En el lenguaje político hablamos de estrategias, contrincantes, ataques, defensas, maniobras, victorias y derrotas. La política electoral se proyecta como un combate, donde ganar o perder importa más que los métodos utilizados para lograrlo. Si, en efecto, la política electoral es vista como un combate, como aquí planteamos, (y no, por ejemplo, un debate, un drama o un diálogo, sino una acción de carácter bélico), entonces nos vemos obligados a destacar el rol lúdico del combate en la historia: el deleite de las masas frente a dos combatientes que se golpean con fervor. Como en el Coliseo romano, la política electoral sucede ante los ojos del pueblo, que ya ha elegido un favorito o acude precisamente para hacerlo.

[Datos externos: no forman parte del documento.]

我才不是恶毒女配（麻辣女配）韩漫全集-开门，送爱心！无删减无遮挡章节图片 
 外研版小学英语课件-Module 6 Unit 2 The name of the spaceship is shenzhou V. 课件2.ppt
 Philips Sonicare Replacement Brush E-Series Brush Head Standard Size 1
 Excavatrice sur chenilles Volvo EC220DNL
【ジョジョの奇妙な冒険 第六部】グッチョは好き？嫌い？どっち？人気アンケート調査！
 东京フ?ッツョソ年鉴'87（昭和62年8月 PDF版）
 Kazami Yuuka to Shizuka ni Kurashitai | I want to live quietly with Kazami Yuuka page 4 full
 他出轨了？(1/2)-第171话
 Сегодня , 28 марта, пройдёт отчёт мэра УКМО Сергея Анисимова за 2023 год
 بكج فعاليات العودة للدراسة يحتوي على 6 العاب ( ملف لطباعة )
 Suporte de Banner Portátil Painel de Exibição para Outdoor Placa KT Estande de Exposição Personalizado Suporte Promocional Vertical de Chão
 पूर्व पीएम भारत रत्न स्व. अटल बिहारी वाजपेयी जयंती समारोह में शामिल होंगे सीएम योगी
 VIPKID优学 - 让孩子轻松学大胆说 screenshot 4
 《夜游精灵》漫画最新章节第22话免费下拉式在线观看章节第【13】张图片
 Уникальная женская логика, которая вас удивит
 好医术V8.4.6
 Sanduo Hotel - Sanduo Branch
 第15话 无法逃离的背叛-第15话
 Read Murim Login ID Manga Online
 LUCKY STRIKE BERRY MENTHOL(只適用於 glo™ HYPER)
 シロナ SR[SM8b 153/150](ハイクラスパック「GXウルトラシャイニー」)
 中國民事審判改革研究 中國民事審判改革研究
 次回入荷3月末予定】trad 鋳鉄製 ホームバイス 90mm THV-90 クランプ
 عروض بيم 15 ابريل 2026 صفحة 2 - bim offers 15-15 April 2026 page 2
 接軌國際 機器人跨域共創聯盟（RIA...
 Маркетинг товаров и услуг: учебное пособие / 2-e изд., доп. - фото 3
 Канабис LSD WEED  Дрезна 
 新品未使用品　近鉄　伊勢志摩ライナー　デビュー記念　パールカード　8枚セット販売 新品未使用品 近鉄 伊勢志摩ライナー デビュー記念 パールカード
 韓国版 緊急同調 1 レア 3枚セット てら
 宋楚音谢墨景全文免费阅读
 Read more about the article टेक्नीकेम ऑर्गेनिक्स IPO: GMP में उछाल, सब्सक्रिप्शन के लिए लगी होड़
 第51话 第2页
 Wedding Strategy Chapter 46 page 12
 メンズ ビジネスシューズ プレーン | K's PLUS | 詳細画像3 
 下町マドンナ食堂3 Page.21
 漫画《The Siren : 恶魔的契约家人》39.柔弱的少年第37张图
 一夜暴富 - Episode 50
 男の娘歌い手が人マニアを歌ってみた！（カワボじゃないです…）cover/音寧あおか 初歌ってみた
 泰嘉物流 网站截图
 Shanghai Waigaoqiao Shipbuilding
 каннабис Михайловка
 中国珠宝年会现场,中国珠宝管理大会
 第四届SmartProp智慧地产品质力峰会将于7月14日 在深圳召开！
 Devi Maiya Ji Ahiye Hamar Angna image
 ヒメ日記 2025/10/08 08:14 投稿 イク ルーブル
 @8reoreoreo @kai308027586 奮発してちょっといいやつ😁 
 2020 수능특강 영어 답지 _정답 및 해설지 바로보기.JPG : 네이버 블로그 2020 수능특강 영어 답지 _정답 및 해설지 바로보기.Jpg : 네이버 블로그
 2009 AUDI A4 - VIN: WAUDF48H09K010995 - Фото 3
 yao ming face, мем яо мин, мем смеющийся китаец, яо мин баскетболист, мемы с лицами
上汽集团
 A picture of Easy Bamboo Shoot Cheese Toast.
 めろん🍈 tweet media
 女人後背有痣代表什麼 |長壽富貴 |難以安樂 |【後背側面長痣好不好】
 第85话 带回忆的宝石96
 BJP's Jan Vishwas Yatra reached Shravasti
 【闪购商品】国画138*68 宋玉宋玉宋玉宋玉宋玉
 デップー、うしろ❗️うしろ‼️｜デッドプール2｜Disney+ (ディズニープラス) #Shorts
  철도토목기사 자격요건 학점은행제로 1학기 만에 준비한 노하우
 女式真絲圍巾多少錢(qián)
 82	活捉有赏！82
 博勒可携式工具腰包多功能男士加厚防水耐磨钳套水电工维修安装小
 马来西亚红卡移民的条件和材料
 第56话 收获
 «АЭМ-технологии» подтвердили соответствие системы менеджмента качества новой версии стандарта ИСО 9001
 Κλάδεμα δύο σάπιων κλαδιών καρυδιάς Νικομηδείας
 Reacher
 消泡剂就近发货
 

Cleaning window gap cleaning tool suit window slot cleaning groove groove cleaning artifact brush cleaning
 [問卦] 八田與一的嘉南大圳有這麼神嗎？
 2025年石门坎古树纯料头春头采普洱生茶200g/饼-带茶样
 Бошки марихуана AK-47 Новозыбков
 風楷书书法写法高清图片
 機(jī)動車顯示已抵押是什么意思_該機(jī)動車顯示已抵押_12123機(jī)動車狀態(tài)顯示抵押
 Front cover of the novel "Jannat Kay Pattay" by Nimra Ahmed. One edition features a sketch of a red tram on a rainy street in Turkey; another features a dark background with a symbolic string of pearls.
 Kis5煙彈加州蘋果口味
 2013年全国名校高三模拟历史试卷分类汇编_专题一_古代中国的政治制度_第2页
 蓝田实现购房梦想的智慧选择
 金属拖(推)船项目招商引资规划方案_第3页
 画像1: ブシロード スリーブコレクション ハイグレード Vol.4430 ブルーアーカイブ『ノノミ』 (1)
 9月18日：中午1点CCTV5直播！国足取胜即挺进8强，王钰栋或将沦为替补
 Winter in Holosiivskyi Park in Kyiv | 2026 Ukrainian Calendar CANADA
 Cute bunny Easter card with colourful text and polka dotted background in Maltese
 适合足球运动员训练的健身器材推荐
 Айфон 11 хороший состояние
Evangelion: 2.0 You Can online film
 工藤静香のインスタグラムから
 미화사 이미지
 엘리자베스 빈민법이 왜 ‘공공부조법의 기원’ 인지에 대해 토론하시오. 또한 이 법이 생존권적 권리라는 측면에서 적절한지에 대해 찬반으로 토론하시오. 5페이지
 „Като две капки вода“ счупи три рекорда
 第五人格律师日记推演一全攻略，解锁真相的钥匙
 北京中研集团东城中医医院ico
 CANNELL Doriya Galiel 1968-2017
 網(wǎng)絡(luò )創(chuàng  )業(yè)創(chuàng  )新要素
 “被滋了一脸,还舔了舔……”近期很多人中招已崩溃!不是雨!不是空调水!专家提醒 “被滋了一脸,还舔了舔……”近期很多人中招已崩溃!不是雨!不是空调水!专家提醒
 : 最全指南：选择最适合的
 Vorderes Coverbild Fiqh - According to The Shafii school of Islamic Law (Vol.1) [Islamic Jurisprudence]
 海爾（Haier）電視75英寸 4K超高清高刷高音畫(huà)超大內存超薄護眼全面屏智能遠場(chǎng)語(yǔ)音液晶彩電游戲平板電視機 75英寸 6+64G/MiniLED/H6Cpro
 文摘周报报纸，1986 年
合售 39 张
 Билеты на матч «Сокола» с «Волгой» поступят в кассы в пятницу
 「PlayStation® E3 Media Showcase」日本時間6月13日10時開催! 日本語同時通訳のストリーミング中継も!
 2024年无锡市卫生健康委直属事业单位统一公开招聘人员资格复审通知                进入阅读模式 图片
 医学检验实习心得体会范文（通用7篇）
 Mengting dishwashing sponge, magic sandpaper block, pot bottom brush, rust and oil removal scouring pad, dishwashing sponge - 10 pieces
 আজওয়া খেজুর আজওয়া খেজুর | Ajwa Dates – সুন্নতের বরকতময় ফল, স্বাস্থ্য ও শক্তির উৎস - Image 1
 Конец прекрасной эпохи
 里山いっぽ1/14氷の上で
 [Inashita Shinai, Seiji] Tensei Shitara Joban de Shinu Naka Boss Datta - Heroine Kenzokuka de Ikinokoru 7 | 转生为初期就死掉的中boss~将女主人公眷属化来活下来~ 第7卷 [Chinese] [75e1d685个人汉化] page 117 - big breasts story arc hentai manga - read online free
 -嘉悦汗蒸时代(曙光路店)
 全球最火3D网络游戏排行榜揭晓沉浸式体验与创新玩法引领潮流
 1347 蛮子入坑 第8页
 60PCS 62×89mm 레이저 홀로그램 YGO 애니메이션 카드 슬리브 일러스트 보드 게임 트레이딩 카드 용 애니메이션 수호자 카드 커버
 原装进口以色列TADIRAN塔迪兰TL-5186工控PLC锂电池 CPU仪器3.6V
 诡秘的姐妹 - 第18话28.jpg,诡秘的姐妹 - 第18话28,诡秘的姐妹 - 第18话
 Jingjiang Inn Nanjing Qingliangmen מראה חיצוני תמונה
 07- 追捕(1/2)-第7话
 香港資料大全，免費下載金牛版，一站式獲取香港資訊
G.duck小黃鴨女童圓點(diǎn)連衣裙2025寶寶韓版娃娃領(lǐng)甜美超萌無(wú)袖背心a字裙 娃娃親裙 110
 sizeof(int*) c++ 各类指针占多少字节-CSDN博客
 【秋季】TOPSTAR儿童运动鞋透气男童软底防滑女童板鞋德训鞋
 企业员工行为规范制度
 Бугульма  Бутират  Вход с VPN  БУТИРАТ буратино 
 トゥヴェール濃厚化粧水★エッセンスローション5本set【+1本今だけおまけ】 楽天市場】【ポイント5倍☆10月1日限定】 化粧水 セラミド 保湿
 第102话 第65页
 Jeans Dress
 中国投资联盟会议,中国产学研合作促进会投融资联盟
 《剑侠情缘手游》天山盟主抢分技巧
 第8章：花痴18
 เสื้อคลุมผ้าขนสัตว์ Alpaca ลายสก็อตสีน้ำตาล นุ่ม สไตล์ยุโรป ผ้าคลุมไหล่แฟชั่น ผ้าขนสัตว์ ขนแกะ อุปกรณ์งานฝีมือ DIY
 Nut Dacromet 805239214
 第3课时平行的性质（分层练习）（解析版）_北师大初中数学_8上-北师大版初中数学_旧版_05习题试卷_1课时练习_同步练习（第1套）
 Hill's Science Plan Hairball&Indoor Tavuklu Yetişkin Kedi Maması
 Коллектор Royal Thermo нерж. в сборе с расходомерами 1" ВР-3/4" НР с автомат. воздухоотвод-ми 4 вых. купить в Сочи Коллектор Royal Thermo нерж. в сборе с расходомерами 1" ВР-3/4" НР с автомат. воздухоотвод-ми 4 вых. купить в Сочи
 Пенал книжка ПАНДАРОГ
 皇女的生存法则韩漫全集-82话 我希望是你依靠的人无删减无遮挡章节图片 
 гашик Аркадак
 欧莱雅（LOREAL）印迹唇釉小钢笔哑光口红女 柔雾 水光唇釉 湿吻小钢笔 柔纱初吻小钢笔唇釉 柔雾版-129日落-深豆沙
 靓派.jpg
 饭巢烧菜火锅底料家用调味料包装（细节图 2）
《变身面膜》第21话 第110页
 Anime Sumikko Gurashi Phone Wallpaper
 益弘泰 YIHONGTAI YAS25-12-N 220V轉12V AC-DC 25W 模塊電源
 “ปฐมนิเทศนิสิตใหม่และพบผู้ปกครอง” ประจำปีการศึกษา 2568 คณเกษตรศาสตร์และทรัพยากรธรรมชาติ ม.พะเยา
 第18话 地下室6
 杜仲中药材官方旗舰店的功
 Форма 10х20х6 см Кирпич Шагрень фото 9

El entretenimiento lo consume todo y parece no existir nada más entretenido que las rivalidades; lo vemos en el deporte, en la farándula y en la política. Así, el combate electoral es cada vez más histriónico, porque no busca únicamente derrotar al contrincante, sino también ganar la simpatía del público al hacerlo, que en la era de las redes sociales es más que solo espectador, es también emperador, y con la dirección de su pulgar decide quién gana y quién pierde, quién vive y quién no.
La comunicación electoral actual responde a la creciente hambre de dopamina: tenemos que estar todo el tiempo entretenidos, y las rivalidades electorales se transforman en un «performance» para la población, sin convicción propia de los líderes y sin dejar espacio para el diálogo que las democracias requieren: sin estructura moral y con la retroalimentación instantánea de las redes.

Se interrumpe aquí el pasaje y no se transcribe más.